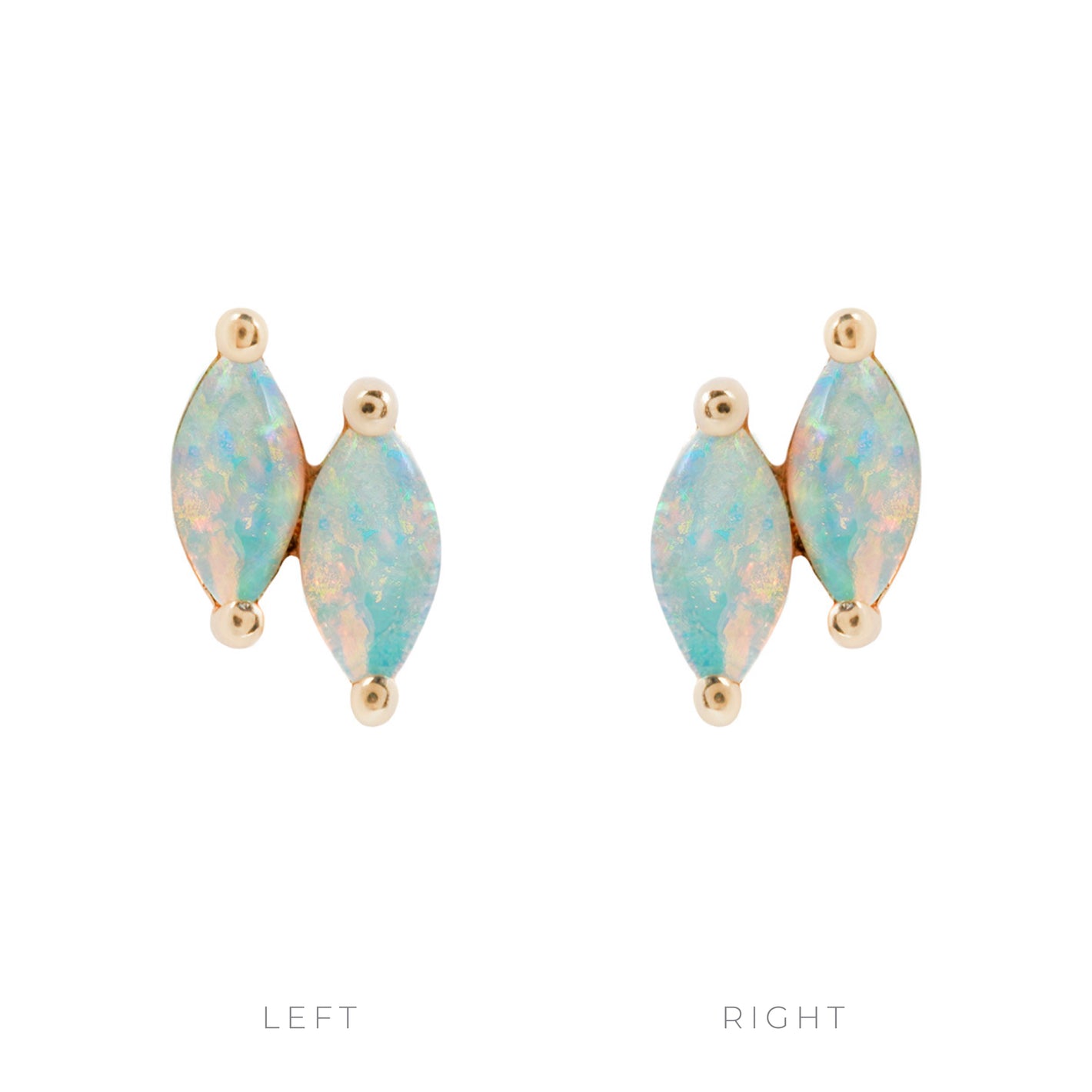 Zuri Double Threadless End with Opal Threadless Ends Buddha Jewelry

──────

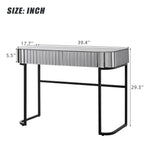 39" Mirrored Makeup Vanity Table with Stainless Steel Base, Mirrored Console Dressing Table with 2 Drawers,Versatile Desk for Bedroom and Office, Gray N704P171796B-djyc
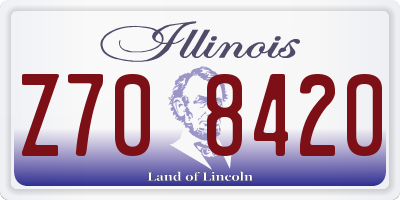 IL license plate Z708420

──────

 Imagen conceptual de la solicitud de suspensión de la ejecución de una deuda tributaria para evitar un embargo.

──────

What to work on —
Copy word for word only the lines above from the one with "Office, Gray N704P171796B-djyc" through the one with "IL license plate Z708420". Leave pictures out.

Task output —
 39" Mirrored Makeup Vanity Table with Stainless Steel Base, Mirrored Console Dressing Table with 2 Drawers,Versatile Desk for Bedroom and Office, Gray N704P171796B-djyc
 IL license plate Z708420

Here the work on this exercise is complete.